* [Task objective]: In the records below, copy the line that contains "un edificio con" and each line after it, word for word, through the last.

[Data to use Boundary: Start]

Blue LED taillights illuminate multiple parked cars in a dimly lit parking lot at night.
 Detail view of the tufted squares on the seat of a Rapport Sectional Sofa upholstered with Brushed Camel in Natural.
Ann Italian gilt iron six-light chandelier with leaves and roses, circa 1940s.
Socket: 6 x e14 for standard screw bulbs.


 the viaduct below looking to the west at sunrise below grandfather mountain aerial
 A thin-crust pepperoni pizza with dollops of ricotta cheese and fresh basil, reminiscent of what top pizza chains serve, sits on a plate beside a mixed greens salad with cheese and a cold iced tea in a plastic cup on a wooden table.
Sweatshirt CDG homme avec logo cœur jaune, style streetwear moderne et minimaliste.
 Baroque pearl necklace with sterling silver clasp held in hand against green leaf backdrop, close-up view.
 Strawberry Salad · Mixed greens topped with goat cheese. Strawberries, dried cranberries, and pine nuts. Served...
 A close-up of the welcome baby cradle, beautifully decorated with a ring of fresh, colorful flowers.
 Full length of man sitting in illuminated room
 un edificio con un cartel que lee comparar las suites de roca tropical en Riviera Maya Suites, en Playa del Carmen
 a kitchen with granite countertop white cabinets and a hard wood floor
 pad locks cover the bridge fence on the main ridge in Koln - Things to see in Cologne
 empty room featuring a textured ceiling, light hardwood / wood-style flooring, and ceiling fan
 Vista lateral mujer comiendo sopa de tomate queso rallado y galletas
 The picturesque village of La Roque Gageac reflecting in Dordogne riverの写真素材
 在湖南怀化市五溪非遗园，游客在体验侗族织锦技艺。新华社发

[Data to use Boundary: End]

* [Answer]:
 un edificio con un cartel que lee comparar las suites de roca tropical en Riviera Maya Suites, en Playa del Carmen
 a kitchen with granite countertop white cabinets and a hard wood floor
 pad locks cover the bridge fence on the main ridge in Koln - Things to see in Cologne
 empty room featuring a textured ceiling, light hardwood / wood-style flooring, and ceiling fan
 Vista lateral mujer comiendo sopa de tomate queso rallado y galletas
 The picturesque village of La Roque Gageac reflecting in Dordogne riverの写真素材
 在湖南怀化市五溪非遗园，游客在体验侗族织锦技艺。新华社发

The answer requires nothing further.